►

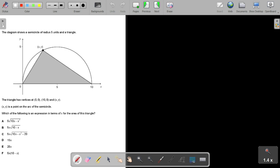Welcome students. This question says: the diagram shows a semicircle of radius 5 units, and a triangle. The triangle has vertices at (0,0), (10,0), and (x,y), as clearly shown in the diagram.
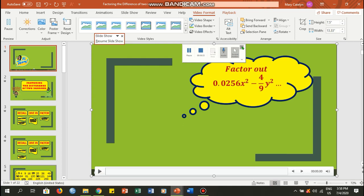So after that, you will be transported to this screen or this slide right here. Now you have different options like corrections, color.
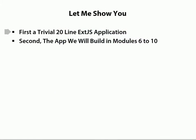So now that we've looked at a trivial JavaScript application written in ExtJS, let's look at one a little more complicated. Okay, a lot more complicated. Essentially, this is the app we're going to build or close to the app we're going to build in modules 6 to 10.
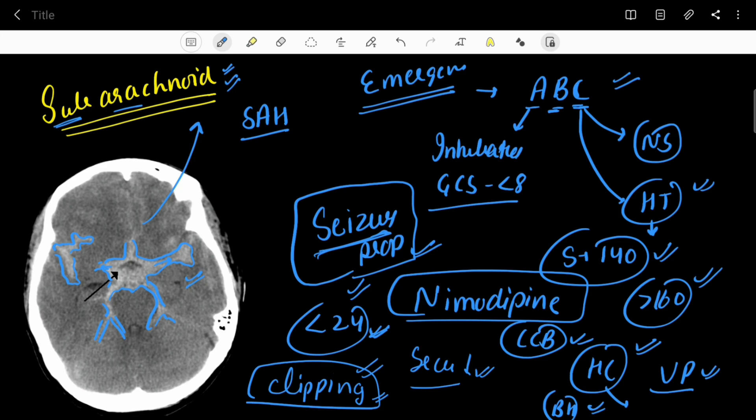That covers subarachnoid hemorrhage. If you have any questions, post them in the comments or DM on Instagram at Diagnose It. Don't forget to like, share, and subscribe to the channel.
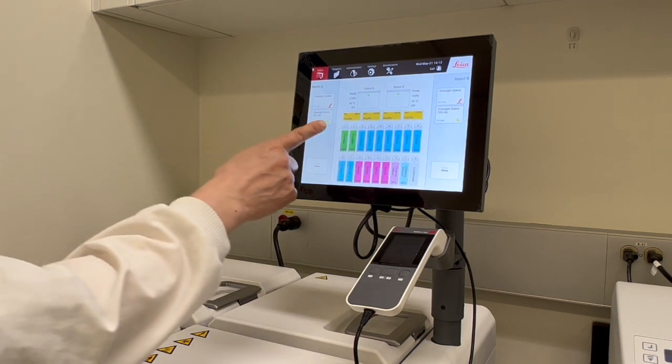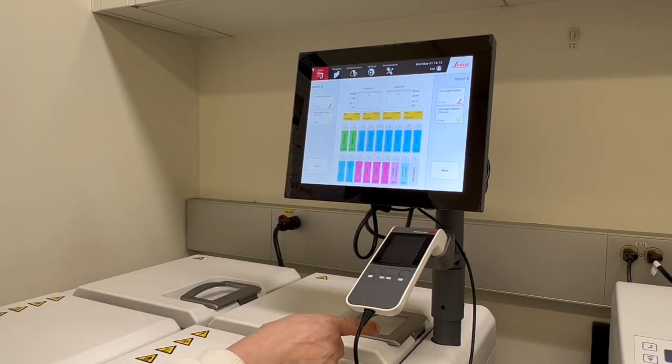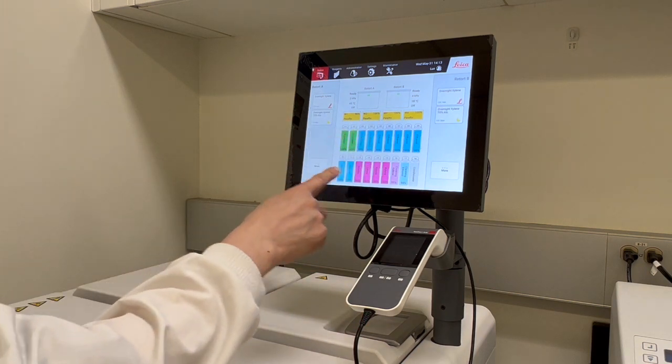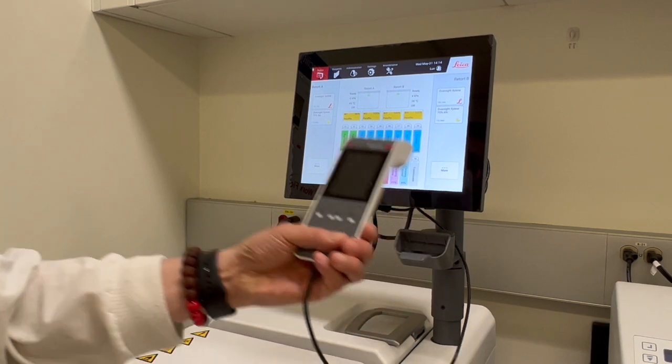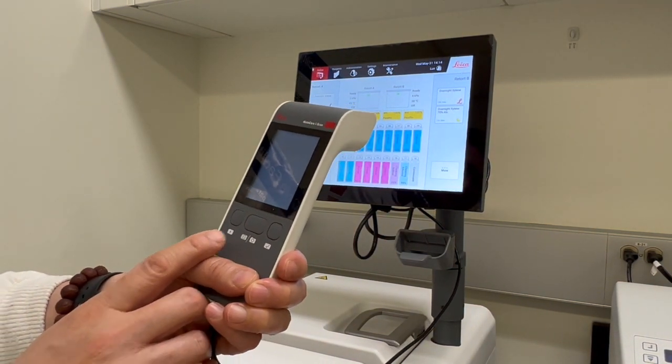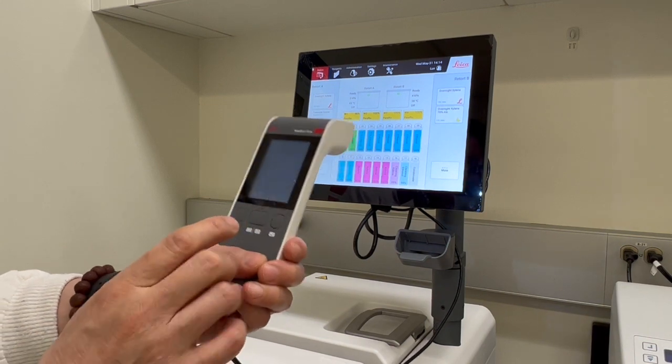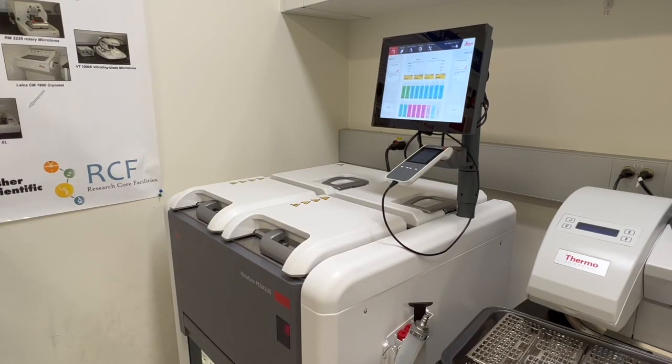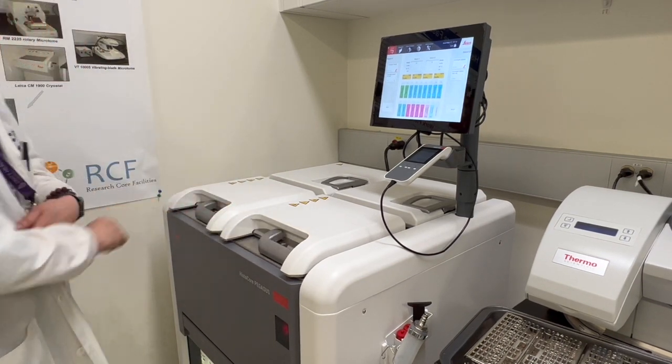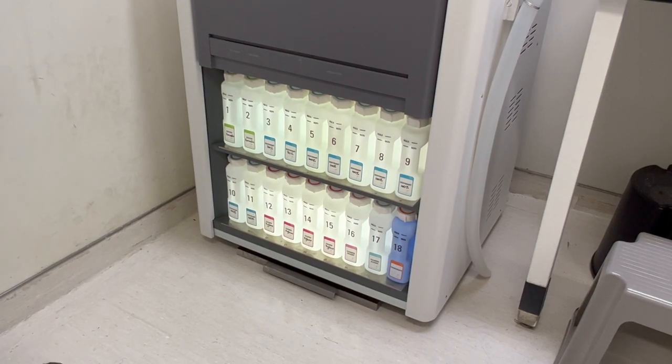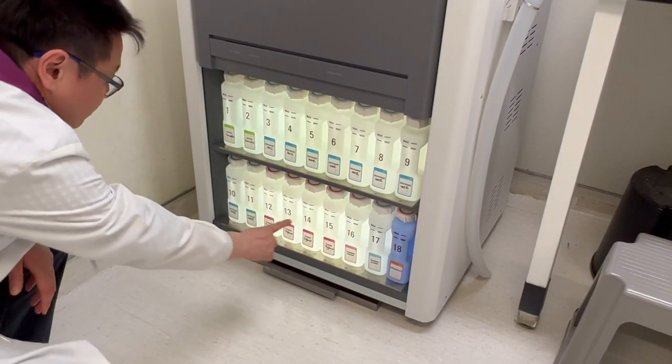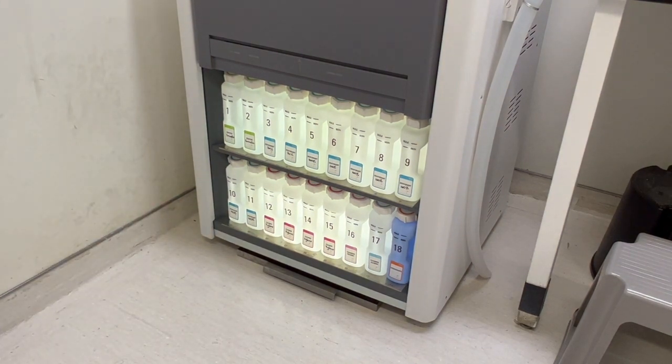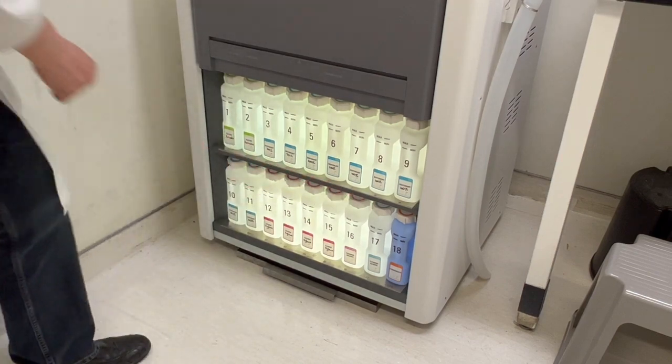This is the color touchscreen, which connects to a computer in the instrument. You can monitor, edit, and operate the processor here. This is the scanner, with which you can scan barcodes and take pictures. Here are the two retorts, where you will place your cassettes for processing. This is the reagent cabinet, which accommodates 17 reagent bottles and one condensate bottle.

◄

TASK DESCRIPTION: The listing is to be repeated exactly, with its pictures removed.

YOUR SOLUTION:
Welcome students. This question says: the diagram shows a semicircle of radius 5 units, and a triangle. The triangle has vertices at (0,0), (10,0), and (x,y), as clearly shown in the diagram.
So after that, you will be transported to this screen or this slide right here. Now you have different options like corrections, color.
So now that we've looked at a trivial JavaScript application written in ExtJS, let's look at one a little more complicated. Okay, a lot more complicated. Essentially, this is the app we're going to build or close to the app we're going to build in modules 6 to 10.
That covers subarachnoid hemorrhage. If you have any questions, post them in the comments or DM on Instagram at Diagnose It. Don't forget to like, share, and subscribe to the channel.
This is the color touchscreen, which connects to a computer in the instrument. You can monitor, edit, and operate the processor here. This is the scanner, with which you can scan barcodes and take pictures. Here are the two retorts, where you will place your cassettes for processing. This is the reagent cabinet, which accommodates 17 reagent bottles and one condensate bottle.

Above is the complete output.